Although the lawsuit is not directed against Turkey, many of the alleged attacks are said to have occurred on Turkish territory, raising fresh questions about Ankara’s willingness or ability to curb clandestine operations conducted by Iranian security services on Turkish soil.

According to the complaint, the plaintiff had long been targeted by Iran’s Ministry of Intelligence (MOIS) and the Islamic Revolutionary Guard Corps (IRGC) because of his journalism and investigations exposing corruption, illicit financial networks and abuses of power within the Iranian regime. After surviving imprisonment and torture in Iran and later resettling in the US, he continued his reporting while spending significant time in Turkey.

The lawsuit portrays Turkey not merely as a transit country but as an active operational theater for Iranian intelligence.

One of the earliest Turkey-related allegations concerns the plaintiff’s cousin, who allegedly met with him in Istanbul in 2019. The complaint says the cousin was subsequently arrested by the IRGC Intelligence Organization in February 2020 solely because of that meeting.
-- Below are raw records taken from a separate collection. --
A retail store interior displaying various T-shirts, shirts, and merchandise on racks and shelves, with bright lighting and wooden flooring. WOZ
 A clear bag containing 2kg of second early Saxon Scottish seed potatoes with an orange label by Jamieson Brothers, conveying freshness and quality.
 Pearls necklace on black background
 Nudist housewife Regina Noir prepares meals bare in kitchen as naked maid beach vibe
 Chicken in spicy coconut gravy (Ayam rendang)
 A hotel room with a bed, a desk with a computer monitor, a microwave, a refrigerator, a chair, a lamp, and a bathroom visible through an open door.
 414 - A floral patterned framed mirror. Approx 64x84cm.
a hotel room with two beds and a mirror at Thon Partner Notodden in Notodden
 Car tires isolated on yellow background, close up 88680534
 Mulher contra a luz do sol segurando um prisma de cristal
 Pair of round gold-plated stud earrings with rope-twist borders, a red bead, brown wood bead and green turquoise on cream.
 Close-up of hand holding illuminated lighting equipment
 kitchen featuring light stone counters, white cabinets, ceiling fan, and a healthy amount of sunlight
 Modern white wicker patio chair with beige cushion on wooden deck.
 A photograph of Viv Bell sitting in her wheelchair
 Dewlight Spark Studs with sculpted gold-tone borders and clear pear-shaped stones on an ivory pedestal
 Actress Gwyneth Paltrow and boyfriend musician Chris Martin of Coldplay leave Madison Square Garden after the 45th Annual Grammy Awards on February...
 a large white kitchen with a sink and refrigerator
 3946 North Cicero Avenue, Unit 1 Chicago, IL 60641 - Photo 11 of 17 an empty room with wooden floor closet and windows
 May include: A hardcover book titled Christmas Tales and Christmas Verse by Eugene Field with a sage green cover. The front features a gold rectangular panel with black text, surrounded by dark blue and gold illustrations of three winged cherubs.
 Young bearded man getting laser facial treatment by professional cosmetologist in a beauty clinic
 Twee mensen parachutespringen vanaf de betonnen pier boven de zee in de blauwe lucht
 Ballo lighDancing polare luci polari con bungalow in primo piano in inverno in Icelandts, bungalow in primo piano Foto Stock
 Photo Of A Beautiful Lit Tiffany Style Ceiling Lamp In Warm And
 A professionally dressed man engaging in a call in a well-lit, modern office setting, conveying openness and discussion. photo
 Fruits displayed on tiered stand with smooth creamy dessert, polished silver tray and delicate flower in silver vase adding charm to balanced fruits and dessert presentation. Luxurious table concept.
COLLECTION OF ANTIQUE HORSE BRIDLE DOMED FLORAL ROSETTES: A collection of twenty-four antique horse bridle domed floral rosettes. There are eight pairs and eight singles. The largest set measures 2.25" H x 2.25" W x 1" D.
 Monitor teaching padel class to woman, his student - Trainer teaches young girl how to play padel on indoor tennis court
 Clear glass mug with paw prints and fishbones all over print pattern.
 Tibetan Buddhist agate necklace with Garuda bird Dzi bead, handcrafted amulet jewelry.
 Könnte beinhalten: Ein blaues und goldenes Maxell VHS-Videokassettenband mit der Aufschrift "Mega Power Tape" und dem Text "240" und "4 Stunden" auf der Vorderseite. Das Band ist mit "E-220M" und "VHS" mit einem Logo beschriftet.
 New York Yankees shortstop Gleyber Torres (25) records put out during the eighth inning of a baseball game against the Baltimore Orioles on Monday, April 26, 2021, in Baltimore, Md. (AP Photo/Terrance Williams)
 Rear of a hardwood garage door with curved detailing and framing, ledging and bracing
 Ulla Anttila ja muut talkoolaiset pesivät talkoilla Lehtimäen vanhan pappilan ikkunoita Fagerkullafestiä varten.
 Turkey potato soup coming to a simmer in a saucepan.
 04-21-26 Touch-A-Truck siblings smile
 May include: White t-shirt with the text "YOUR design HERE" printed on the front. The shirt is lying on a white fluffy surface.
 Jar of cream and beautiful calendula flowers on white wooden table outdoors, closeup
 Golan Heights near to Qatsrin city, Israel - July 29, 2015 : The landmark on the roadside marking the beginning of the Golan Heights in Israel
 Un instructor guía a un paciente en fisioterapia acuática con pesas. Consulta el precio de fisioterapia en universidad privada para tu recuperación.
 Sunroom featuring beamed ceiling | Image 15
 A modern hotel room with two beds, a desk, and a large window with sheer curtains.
He allegedly spent approximately two months in detention, where he was beaten, tortured and threatened with death.

The lawsuit claims Iranian authorities repeatedly used relatives as hostages to pressure the plaintiff into abandoning his journalism, remaining silent and becoming an informant for the regime. His wife, stepson, mother and sister were also allegedly detained, interrogated and tortured between 2021 and 2022.

The most striking allegations concern events that allegedly unfolded in Istanbul. According to the complaint, between 2023 and 2025 the plaintiff received repeated threats from Iranian agents while living in Turkey. Those threats allegedly included warnings that his daughter and sister would be killed, promises to “set his life on fire” and demands that he leave Turkey and stop his political and journalistic work.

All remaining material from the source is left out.